In TIME, Feb. 23, you say: “Devout Catholics fell to their knees at the radioed sound of the Pontiff’s revered voice.” I beg leave to differ. In the first place, I have known all sorts of Catholics: good, bad, ardent, and indifferent; American Catholics and Catholics of varied nationalities. Naturally, they all respect the Pope, but there is not a one of them, even the most pious, that would even dream of falling on their knees at the sound of the Pontiff’s voice. I believe that this is true of the whole country. From what I have seen and heard and read, it seems to me that Protestants have some sort of vague notion that Catholics worship and revere and obey the Pope as peasants once did their lords. This notion is entirely false. The average Catholic has a healthy respect for the Pope, but little more. He would kneel in his presence but most certainly not at his voice. Is that not reasonable? For, after all, a voice is but a voice, whether it is that of an announcer or a Pope or a President.
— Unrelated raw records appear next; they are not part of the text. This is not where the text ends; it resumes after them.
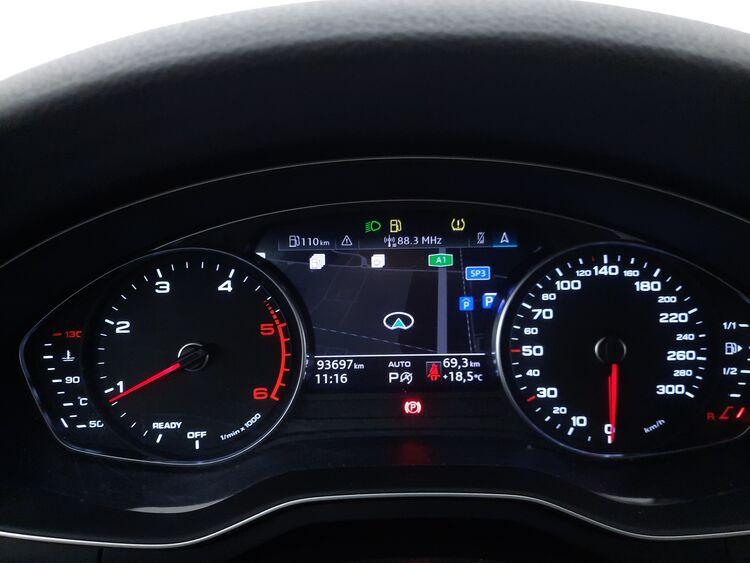 Audi A4 30 Business S tronic BR614833 2.0 Mild Hybrid 136CV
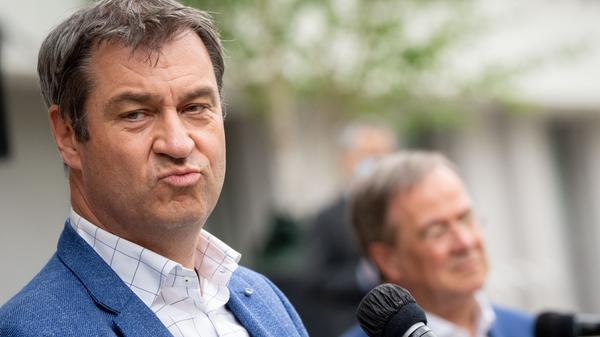 Klausur der Spitzen von CDU und CSU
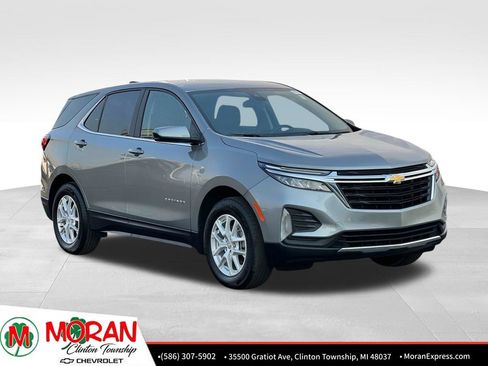 Certified 2024 Chevrolet Equinox LT image 7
H. J. CONNOR Buffalo. N. Y.

Hoover Halfway

CONGRATULATION’S TO DOUGLAS CHANDOR AND THANKS TO TIME FOR GIVING US PRESIDENT HOOVERS PORTRAIT.
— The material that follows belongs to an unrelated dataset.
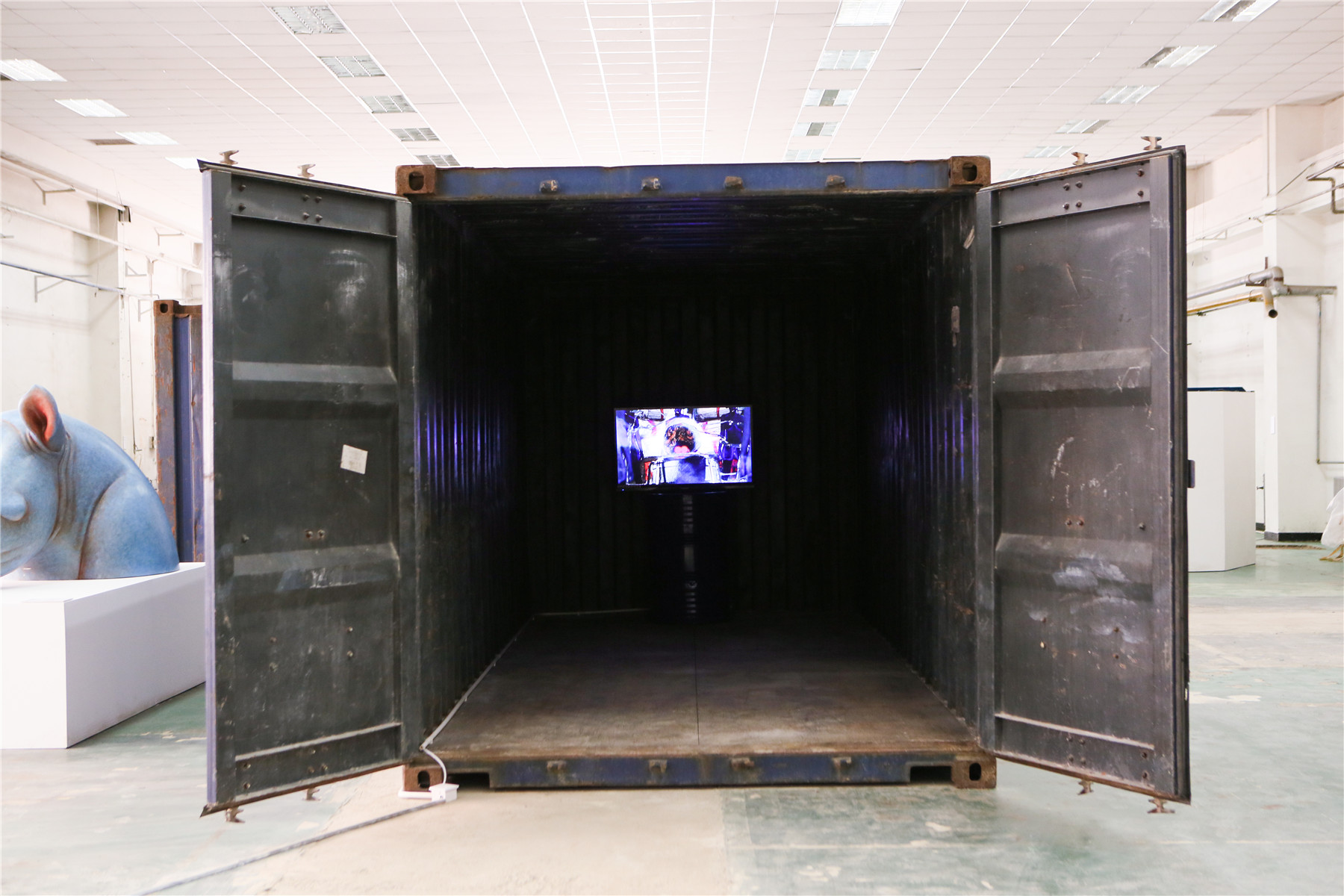 Metamorphosis - 2016 Fourth Biennale China-Italia of Contemporary Art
RALPH F. KINDER Bristol, R. I.

Sirs:

I have just read your “respects” to the President, in the March 2 issue of your interesting publication.
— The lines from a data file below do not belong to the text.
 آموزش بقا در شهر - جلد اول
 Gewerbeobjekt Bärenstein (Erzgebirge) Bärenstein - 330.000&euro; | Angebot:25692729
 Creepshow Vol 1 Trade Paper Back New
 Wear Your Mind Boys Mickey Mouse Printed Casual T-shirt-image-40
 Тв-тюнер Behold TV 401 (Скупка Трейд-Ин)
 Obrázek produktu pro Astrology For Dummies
No doubt you are able, and you may be far sighted.

But I will wager a toothpick against a tenpenny nail that Hoover will be renominated and re-elected in 1932.

EUGENE M. CROUCH New York City

I have just read: “Hoover Halfway” in TIME, March 2.

I will preserve the article as a good list and concrete example of the Hoover Hardships.

I say: “It is the nation that is failing, not President Hoover.”

The “people back home” would like to see a little more co-operation with the Administration down in Washington. The people’s verdict in the future will show where the principal weakness in Washington is today, not in the White House, but “Up on the Hill.”

JESSE C. SHULL Virginia, Ill.

Sirs:

I was very much surprised to see the portrait of President Hoover in your March 2 edition which you state was expressly painted by Chandor for TIME. Its hoary academicism is so completely out of keeping with the alert modernity which has always, at least to this reader, characterized TIME! I am always stimulated by what I see and read in your magazine but I was really shocked by this portrait. To look at it is a dull and musty experience. Why can’t TIME keep step with art as well as politics and science?

GRANT MANSON Rochester, Mich.

TIME’S function is to report things as they are, not “modernize” them as they might be.—ED.

Oklahoma Dog Shooer

Sirs:

A specialist in microscopic anatomy at the University of Oklahoma records an experiment which should be of considerable advantage to your correspondents who are worried over dogs charging and sniffing through their shrubbery. It is much more scientific and sure-fire than the ruse of the “fierce yellow tomcat” (TIME, Feb. 2). Since employing this means in one local grocery store, baskets of apples, potatoes, etc. have been displayed with complete immunity from attack.

First procure a strip of sheet iron and lay it down before the menaced object. Place a second sheet of iron upright as a shield. Attach an electric wire to the upright iron and turn on the current. Any dog that stands on one piece of iron and sniffs or otherwise annoys the charged piece of iron is quite likely to pass by on the other side of the street thereafter. This is a law of physics that is 100% sure fire.

ERNEST R. CHAMBERLAIN Oklahoma City, Okla.

Dog Poisoner’s Judge

Sirs:

Will TIME publish the name and record of the Judge who considers $5 a proper fine for the person who poisons twelve dogs? (TIME, Feb. 9.)

F. G. STRONG Wethersfield, Conn.

New York Magistrate Jean Hortense Noonan Norris, who has been under investigation (TIME, Feb. 23) —ED.

Hero Palrang

Sirs:

Some time ago, under the heading of “Nicaragua,” you printed a brief article relative to the massacre of members of the Marine Corps (TIME, Jan. 12).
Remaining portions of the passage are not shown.